The trails on offer, each of which can accommodate a maximum of 50 people a day, are:
- The 15km Blombos Trail, which takes about six hours to complete, but can be split into a short circular route of 6.5km or a medium circular route of 13km;
- The 12km Galjoen trail that takes four hours;
- The 6.5km Cape Clawless Otter trail that takes about two to three hours; and
- The 4.2km Buffalo Bay trail that takes about two hours to complete.
12. SWARTBERG NATURE RESERVE
The Swartberg Nature Reserve lies between the Great Karoo and Klein Karoo. Together with the neighbouring Gamkapoort Nature Reserve and Towerkop Nature Reserve, it makes up a 180,000ha conservation area filled with mountain fynbos, spekboom and renoserbos.

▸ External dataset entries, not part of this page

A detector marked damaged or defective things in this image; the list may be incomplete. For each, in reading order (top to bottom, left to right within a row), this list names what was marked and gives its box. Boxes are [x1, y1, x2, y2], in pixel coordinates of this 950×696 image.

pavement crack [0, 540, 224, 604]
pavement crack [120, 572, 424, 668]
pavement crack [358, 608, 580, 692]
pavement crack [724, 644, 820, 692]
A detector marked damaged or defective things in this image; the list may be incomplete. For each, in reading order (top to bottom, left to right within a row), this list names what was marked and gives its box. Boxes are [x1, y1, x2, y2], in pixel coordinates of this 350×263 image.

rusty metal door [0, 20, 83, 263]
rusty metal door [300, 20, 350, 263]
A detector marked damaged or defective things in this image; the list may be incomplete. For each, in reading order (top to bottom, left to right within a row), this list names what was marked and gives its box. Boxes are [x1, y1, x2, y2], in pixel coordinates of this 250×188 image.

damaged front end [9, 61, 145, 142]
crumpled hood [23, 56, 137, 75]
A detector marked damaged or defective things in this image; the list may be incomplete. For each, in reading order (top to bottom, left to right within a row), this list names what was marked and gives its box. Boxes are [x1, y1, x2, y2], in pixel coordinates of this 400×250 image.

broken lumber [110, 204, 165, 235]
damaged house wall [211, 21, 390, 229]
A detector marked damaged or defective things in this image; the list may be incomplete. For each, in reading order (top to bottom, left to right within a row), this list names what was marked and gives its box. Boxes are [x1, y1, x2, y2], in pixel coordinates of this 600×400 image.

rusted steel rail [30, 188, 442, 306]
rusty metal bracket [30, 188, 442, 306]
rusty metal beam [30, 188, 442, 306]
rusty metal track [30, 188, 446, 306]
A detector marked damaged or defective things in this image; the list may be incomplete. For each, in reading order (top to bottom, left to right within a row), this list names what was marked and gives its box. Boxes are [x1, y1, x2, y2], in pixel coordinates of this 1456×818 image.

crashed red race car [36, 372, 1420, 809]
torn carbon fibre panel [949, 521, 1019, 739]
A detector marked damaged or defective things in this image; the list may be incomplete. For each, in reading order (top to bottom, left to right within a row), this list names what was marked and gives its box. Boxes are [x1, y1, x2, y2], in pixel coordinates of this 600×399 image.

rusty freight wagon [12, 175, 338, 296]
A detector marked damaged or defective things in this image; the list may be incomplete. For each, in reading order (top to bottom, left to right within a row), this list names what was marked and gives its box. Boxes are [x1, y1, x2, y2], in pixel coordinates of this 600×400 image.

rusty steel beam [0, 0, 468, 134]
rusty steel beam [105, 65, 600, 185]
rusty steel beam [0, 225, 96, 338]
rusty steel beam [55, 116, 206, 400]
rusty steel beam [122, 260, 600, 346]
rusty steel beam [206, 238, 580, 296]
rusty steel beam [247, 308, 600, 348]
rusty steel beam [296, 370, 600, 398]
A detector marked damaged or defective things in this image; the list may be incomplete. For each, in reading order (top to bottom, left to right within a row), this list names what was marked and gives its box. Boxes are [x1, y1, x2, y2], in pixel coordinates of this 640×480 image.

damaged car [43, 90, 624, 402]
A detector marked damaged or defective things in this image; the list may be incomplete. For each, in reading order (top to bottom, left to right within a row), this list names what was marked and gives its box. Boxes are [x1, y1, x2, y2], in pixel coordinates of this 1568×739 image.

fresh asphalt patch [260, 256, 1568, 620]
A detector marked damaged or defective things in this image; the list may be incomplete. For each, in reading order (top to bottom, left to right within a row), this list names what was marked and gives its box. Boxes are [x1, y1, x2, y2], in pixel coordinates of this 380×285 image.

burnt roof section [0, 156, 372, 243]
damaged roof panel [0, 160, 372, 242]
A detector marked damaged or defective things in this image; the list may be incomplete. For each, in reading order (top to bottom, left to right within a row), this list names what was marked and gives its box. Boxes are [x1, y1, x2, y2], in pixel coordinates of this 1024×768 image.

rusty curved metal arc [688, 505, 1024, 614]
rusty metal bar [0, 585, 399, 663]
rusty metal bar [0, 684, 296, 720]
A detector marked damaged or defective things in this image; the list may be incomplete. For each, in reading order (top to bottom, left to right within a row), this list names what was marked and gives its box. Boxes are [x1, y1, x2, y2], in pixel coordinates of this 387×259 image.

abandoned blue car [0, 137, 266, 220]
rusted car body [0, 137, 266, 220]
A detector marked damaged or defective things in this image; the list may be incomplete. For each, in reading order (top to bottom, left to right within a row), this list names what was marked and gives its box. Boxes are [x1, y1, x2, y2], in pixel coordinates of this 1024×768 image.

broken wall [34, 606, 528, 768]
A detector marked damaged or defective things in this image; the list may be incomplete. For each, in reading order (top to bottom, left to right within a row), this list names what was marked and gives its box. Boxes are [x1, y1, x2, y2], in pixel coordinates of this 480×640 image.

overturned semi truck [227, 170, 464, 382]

Only two hiking options are open the public: the 7.4km Ou Tol Circle Route and the 8.4km Platberg Circle Route. A maximum of 50 people will be allowed to do each daily.
HOW TO BOOK YOUR HIKE
Day visitors are required to pre-book permits via the CapeNature website or by e-mailing firstname.lastname@example.org. You can also call the CapeNature contact centre on 087 087 8250 on week days or 074 936 2139/062 318 4987 on weekends. No permits will be sold at the reserves unless otherwise specified.
The reserves are open every day from 8am to 4pm. Same day bookings after 10am are not permitted.
Unless otherwise specified, the cost of each hike is R50 for adults and R30 for children between the ages of four and 17. Children under four enter free, but the bookings office must be contacted for prior approval. All under 17s must be accompanied by an adult.